比如读金庸的《飞狐外传》,看到袁紫衣拒绝了胡斐,皈依佛门,心头不免难过。原先以为,这难过是因为男女主人公没有大团圆的结局,后来年齿渐长,慢慢明白,让我动心的是袁紫衣念出的那几句话:一切有为法,如梦幻泡影,如露亦如电。十几岁的我,并不甚懂这几句佛语的意思,却本能地由此感受到人生的偶然与迅捷,如梦,如幻,如泡影,都是虚空而转瞬即逝之物。当然,佛家此说自有其解释,但这诸多佛法中的一大部分,是与时间有关,与人在世间的感受有关。在这一点上,中西方哲学没有区别,抵抗时间,一直是人类文化中的根本部分之一。

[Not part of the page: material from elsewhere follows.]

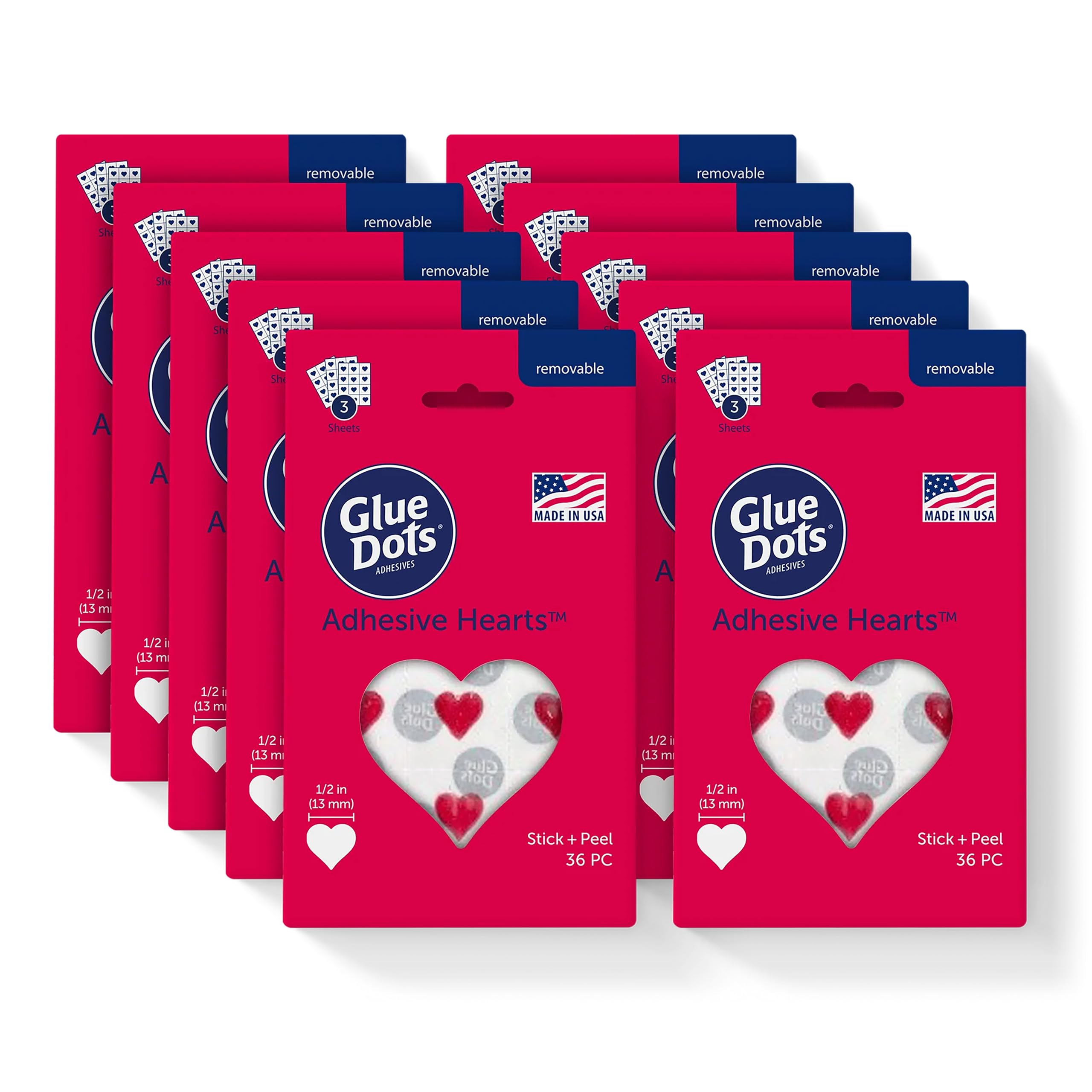 Glue Dots® Hearts on Sheets - 10 Pack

古人说,天不生仲尼,万古长如夜;或者有关彭祖的传说,有关那些求长生的故事,以及他们所想象出来的土行孙和飞毛腿,本质上无不是在那个时代和语境中对时间的克服。当然,现代社会的飞机、高铁、手机,一次又一次刷新我们的物理速度和心理速度,也由此不断刷新我们的时间观念。这些发明及其影响太明显了,无须论证,却有一种最为日常的事物,悄然改变着我们的生活时间,而不被人重视。

我要说的是泡面。

1958年,就在我们这边大炼钢铁的时候,日籍台湾人安藤百福(原名吴百福)在大阪府池田市发明了一种后来畅通东方世界的食物:泡面,或方便面。一如它的名字,方便是其首要的竞争力。但直到1970年的时候,中国才生产出自己的第一包泡面,随后慢慢侵入到我们的日常食谱之中。到现在,泡面已经成为中国最流行的简易快餐了。

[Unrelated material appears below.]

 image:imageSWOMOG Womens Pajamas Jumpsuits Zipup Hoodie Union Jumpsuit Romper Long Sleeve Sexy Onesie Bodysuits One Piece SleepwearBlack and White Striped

二十多年后,在疯狂地阅读各种通俗小说的同时期,我第一次知道有泡面这种食物。六角钱一包,只有最简单的调料。但那时的泡面,对我们而言,并非如现在所认为的被一些人当作垃圾食品,反而是一种身份和地位的象征。在我们班级里,只有家里条件最好的人,才有资格吃泡面。我清晰记得,每当中午放学铃声响起,我们拿着饭盒准备去食堂吃饭时,就会有一个同学高傲地说:我不去了,我中午吃方便面。而其他同学则带和艳羡和渴望走向米饭和咸菜。我第一次吃泡面时,把饭盒里的汤兑了太多的水,只为了多享用一点调料的味道。那是一种我从未尝过的滋味,现在我可以说,它不过是现代工业生产的味道,可能充满了各种添加剂和可疑物质,但在二十年前,它却是我对美好生活的重要想象:一边读小说,一边吃泡面,人生享乐,无过于此。

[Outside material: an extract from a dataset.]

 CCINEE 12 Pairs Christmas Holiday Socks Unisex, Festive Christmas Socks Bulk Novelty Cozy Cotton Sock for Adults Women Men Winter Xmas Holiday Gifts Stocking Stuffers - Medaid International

后来读大学,同宿舍的新疆同学说,他们坐火车来北京,总要搬着一箱泡面上车。因为那时火车没有提速,从乌鲁木齐到北京要坐72个小时,三天三夜,至少有近十顿饭得在车上吃。我们可以想象,在这样一列从隔壁和荒野出发,穿过大半个中国的列车上,如果没有泡面,人们该如何抵御这漫漫长途。泡面消耗的速度,佐证着火车行驶的距离,当第10盒泡面的残渣被扔进垃圾桶的时候,人们终于从疲惫中望见了北京的楼宇。

泡面成了普通人生活里最重要的食物,但只有在夜晚,特别是深夜时,它才更体现出自己的特殊价值。

在这个国度的任何一个角落,万家灯火时,总有许多人家的光晕,被泡面的热气所氤氲。这鸡肋一样的密友,封存着神秘的力量,静静等着被渴望奇迹的人开启。很多次,我在校对杂志的样稿,或者写作、读书到凌晨,会突然感到一阵莫名慌恐。这恐慌来自于安静的独处,来自于所阅读和所写的故事的刺激,或许也来自于片刻矫情里所感受到的某些“如梦幻泡影”般的悲伤。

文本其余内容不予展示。